The utility of focusing on the pertinent questions and ignoring structures too small to be relevant applies in many contexts. Think about what you do when you use MapQuest or Google maps or look at the small screen on your iPhone. If you were traveling from far away, you would first get some rough idea where your destination is. Subsequently, when you have the big picture, you would zoom into a map with more resolution. You don’t need the additional detailed information in your first pass. You just want to have some sense of location. But as you begin to map out the details of your journey—as your resolution becomes finer in seeking out the exact street you will need—you will care about the details on the finer scale that were inessential to your first exploration.
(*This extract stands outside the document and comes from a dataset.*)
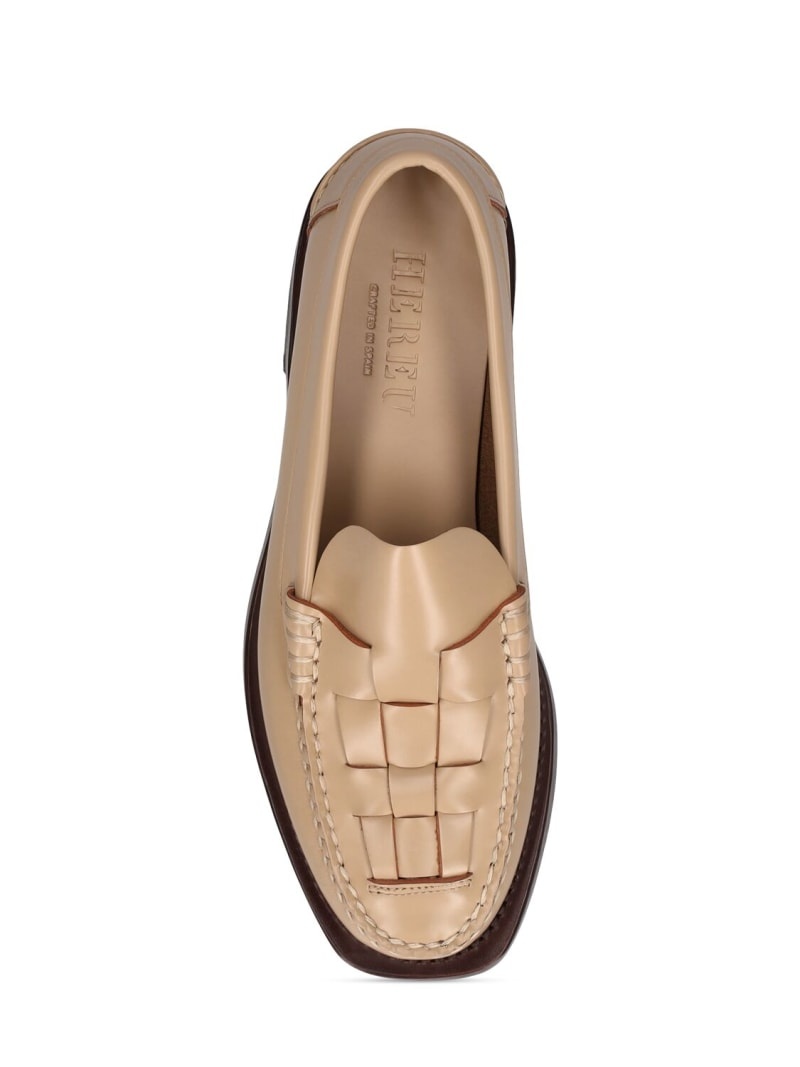 20mm Nombela leather loafers - 6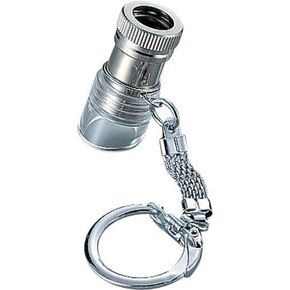 Shinwa Sokutei 75543 Loupe Q High Magnification Super Mini, 15x, 0.4 inches (10 mm) in Saudi Arabia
Of course, the degree of precision you want or need determines the scale you choose. I have friends who don’t pay much attention to hotel location when visiting New York City. For them, the gradations in character of the city’s blocks is irrelevant. But for anyone who knows New York, those details matter. It’s not enough to know you are staying downtown. New Yorkers care if they are above or below Houston Street, or east or west of Washington Square Park, or even whether they are two or five blocks away.
Although the precise choice of scale might differ among individuals, no one would display a map of the United States in order to find a restaurant. The necessary details won’t be resolvable on a computer screen displaying such an overly large scale. On the other hand, you don’t need the details of a floor plan just to know that the restaurant is there in the first place. For any question you ask, you choose the relevant scale. (See Figure 3 for another example.)
The Eiffel Tower
[ FIGURE 3 ] Different information becomes more obvious when viewed at different scales.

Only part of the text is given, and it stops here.